Instructions for the task:
Please print every record below exactly as written, leaving out the pictures.

Provided records:
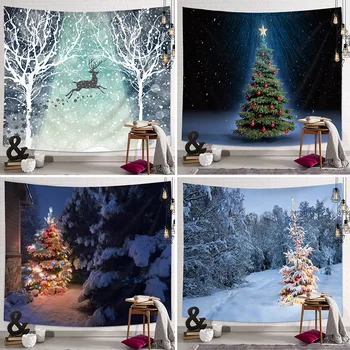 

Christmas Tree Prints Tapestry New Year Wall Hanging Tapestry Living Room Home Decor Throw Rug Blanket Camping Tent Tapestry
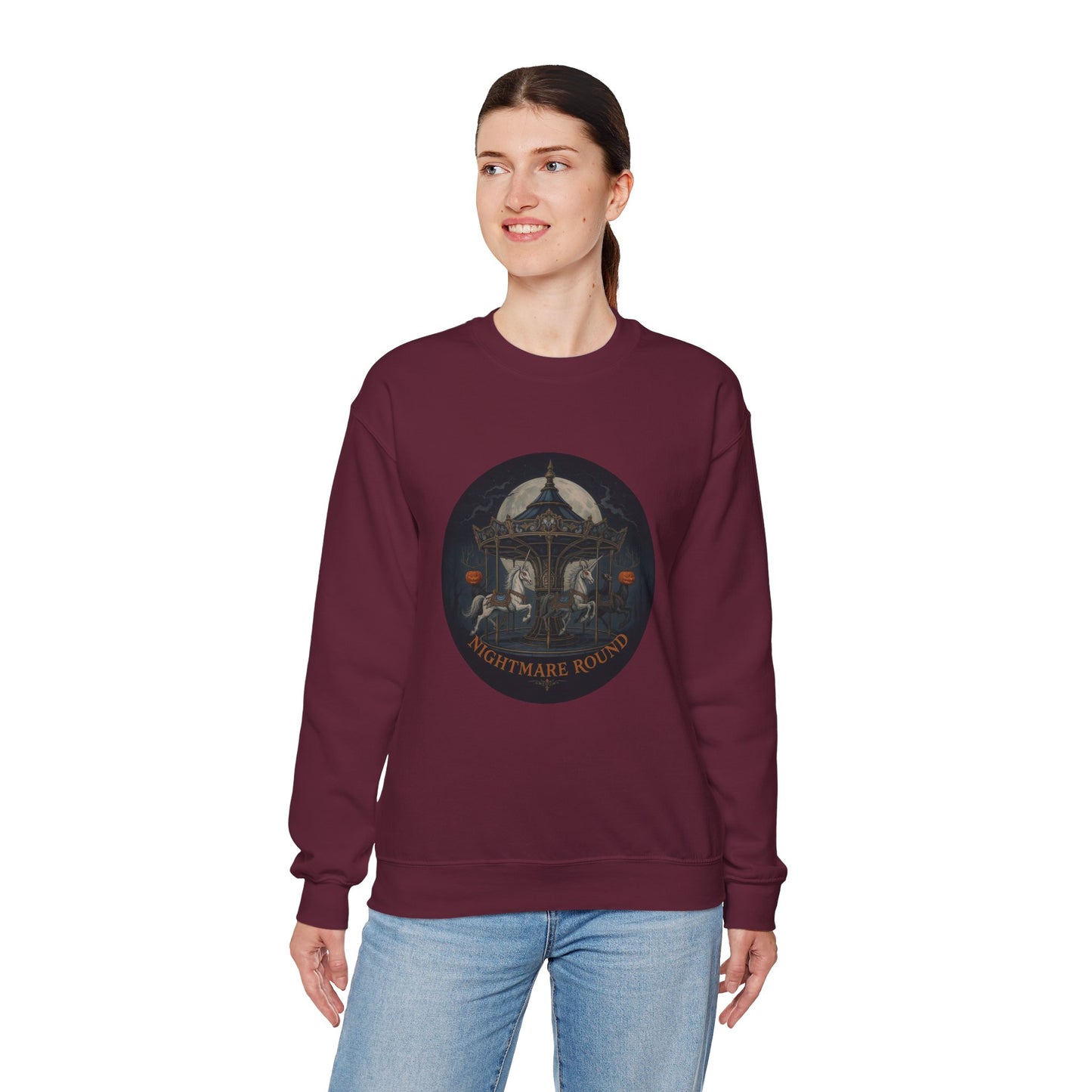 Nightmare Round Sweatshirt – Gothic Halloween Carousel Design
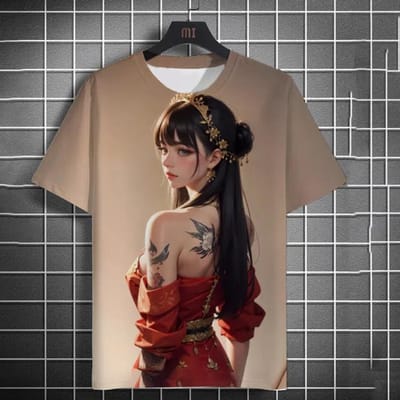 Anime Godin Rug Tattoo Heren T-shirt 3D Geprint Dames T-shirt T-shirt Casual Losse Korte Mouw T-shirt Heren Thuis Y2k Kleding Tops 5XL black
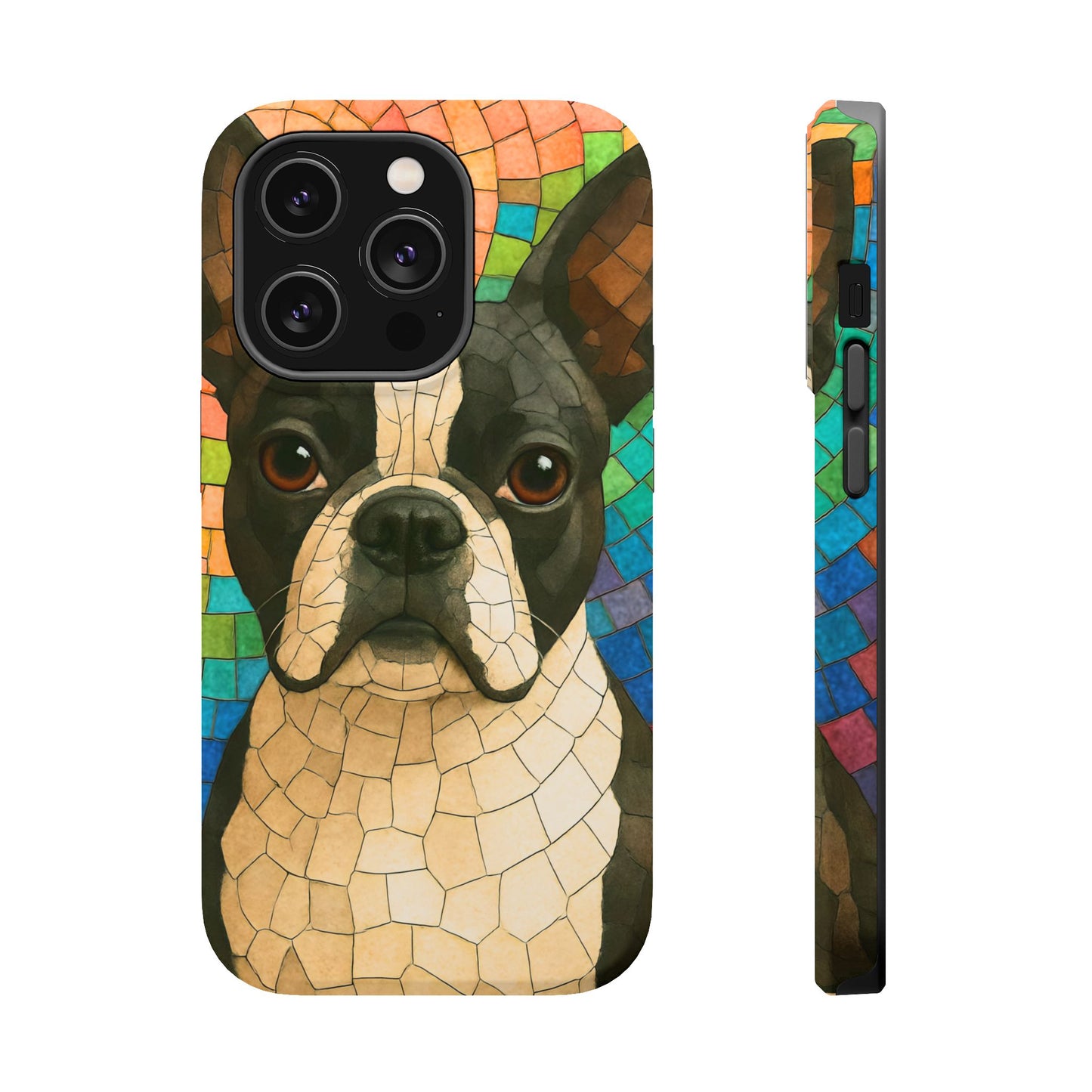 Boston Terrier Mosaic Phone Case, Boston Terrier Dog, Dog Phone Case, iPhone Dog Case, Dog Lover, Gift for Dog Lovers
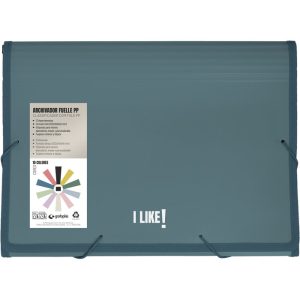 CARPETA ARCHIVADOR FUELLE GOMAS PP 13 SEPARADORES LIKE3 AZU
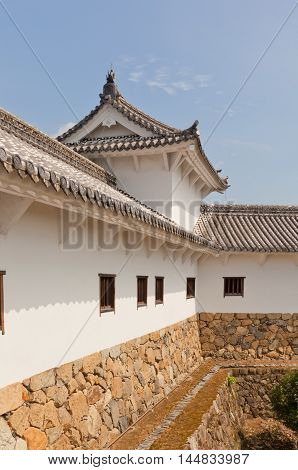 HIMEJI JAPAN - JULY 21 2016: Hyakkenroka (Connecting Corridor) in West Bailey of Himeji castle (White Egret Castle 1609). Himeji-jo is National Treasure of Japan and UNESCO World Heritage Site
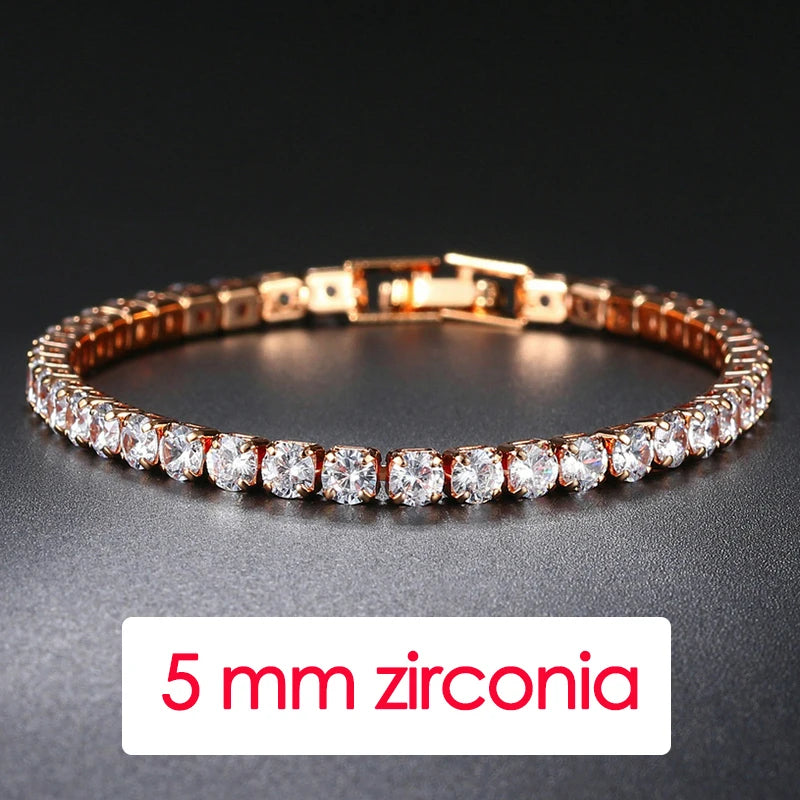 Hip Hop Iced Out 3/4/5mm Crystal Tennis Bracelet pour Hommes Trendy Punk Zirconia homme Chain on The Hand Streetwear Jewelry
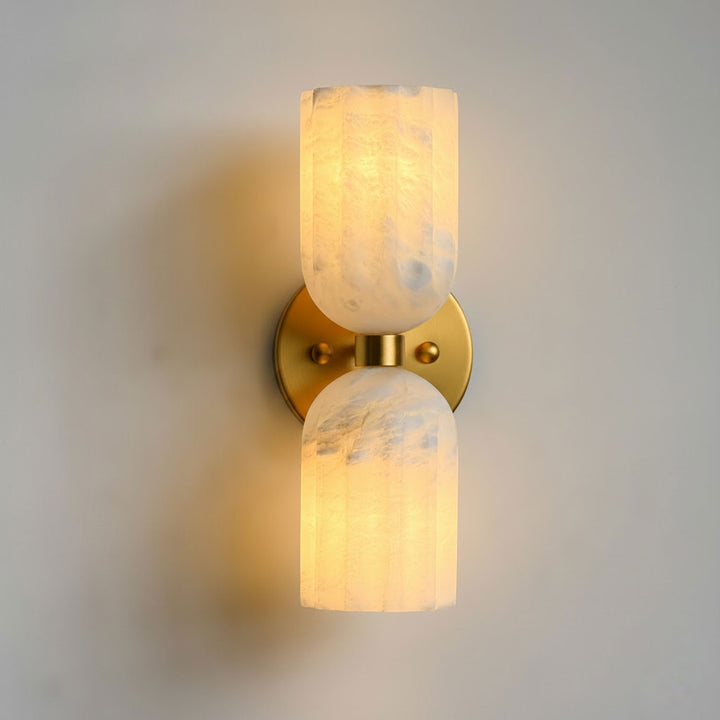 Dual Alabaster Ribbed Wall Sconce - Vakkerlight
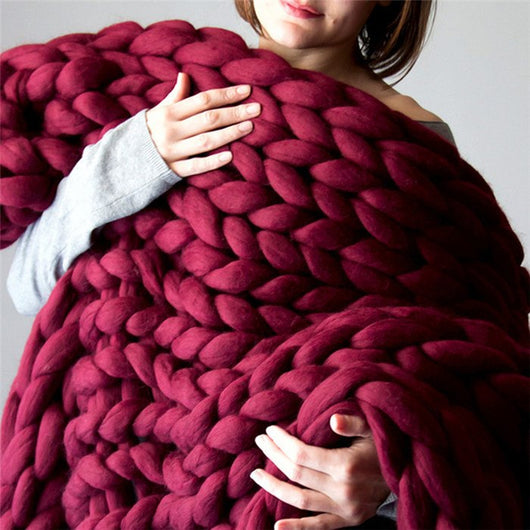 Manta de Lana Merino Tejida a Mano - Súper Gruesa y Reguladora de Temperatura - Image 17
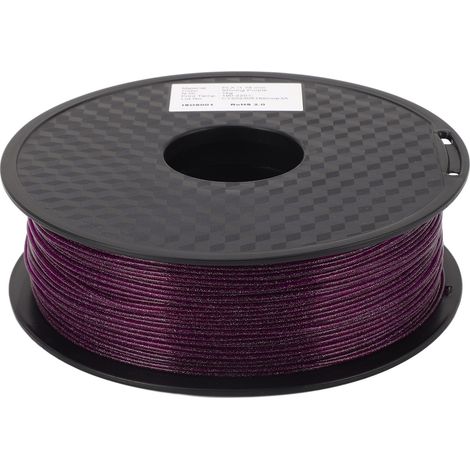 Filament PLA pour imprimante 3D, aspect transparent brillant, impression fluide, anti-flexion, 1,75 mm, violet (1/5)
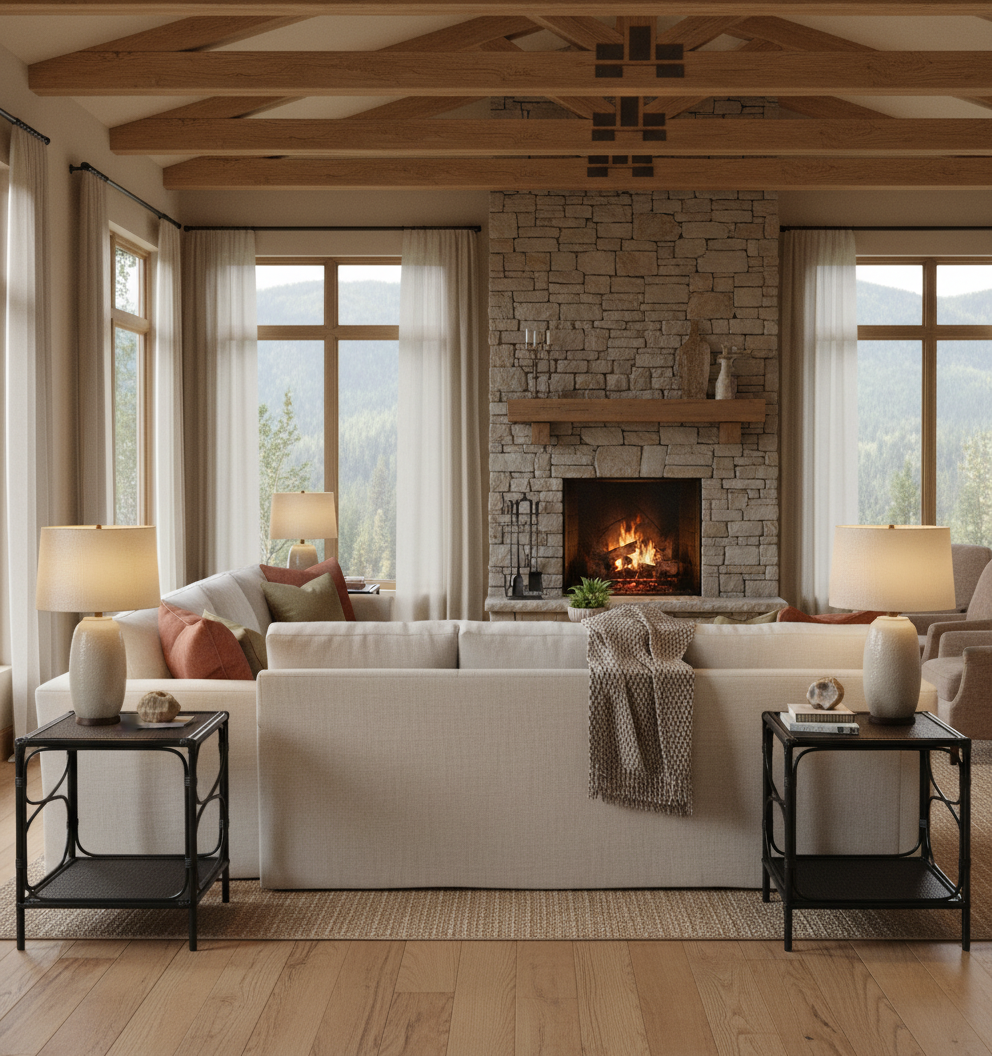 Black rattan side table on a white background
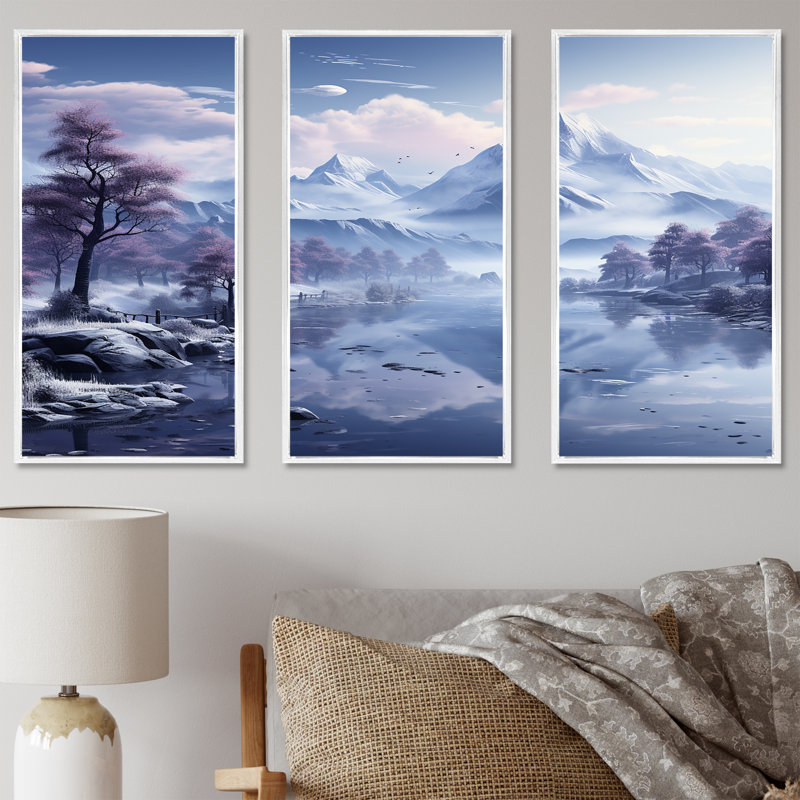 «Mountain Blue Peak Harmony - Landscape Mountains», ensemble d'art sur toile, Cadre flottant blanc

Response to the exercise:
Christmas Tree Prints Tapestry New Year Wall Hanging Tapestry Living Room Home Decor Throw Rug Blanket Camping Tent Tapestry
 Nightmare Round Sweatshirt – Gothic Halloween Carousel Design
 Anime Godin Rug Tattoo Heren T-shirt 3D Geprint Dames T-shirt T-shirt Casual Losse Korte Mouw T-shirt Heren Thuis Y2k Kleding Tops 5XL black
 Boston Terrier Mosaic Phone Case, Boston Terrier Dog, Dog Phone Case, iPhone Dog Case, Dog Lover, Gift for Dog Lovers
 CARPETA ARCHIVADOR FUELLE GOMAS PP 13 SEPARADORES LIKE3 AZU
 HIMEJI JAPAN - JULY 21 2016: Hyakkenroka (Connecting Corridor) in West Bailey of Himeji castle (White Egret Castle 1609). Himeji-jo is National Treasure of Japan and UNESCO World Heritage Site
 Hip Hop Iced Out 3/4/5mm Crystal Tennis Bracelet pour Hommes Trendy Punk Zirconia homme Chain on The Hand Streetwear Jewelry
 Dual Alabaster Ribbed Wall Sconce - Vakkerlight
 Manta de Lana Merino Tejida a Mano - Súper Gruesa y Reguladora de Temperatura - Image 17
 Filament PLA pour imprimante 3D, aspect transparent brillant, impression fluide, anti-flexion, 1,75 mm, violet (1/5)
 Black rattan side table on a white background
 «Mountain Blue Peak Harmony - Landscape Mountains», ensemble d'art sur toile, Cadre flottant blanc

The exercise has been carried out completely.